What you will do >>
Return, from the data below, each line that contains the word "with".

Exercise material >>
■ ■ ■ ■

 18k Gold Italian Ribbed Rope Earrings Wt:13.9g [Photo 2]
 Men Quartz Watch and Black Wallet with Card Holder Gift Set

■ ■ ■ ■

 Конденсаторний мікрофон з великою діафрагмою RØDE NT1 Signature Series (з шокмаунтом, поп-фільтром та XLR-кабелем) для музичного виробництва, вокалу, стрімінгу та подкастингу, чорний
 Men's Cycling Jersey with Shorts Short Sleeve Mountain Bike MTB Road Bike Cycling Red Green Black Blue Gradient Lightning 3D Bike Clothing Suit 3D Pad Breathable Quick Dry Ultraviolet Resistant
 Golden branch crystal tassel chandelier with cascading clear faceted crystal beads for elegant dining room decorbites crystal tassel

■ ■ ■ ■

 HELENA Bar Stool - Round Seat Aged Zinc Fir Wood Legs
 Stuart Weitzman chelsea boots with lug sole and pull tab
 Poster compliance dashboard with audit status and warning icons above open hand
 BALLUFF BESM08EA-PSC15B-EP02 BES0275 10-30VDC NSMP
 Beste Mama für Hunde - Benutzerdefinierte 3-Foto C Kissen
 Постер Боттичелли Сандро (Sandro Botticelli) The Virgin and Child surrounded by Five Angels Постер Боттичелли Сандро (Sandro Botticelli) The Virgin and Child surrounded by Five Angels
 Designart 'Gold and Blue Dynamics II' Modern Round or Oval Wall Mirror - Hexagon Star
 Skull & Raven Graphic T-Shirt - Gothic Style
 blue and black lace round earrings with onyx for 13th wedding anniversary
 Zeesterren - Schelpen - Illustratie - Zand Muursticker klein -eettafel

■ ■ ■ ■

Answer below >>
 Men Quartz Watch and Black Wallet with Card Holder Gift Set
 Men's Cycling Jersey with Shorts Short Sleeve Mountain Bike MTB Road Bike Cycling Red Green Black Blue Gradient Lightning 3D Bike Clothing Suit 3D Pad Breathable Quick Dry Ultraviolet Resistant
 Golden branch crystal tassel chandelier with cascading clear faceted crystal beads for elegant dining room decorbites crystal tassel
 Stuart Weitzman chelsea boots with lug sole and pull tab
 Poster compliance dashboard with audit status and warning icons above open hand
 blue and black lace round earrings with onyx for 13th wedding anniversary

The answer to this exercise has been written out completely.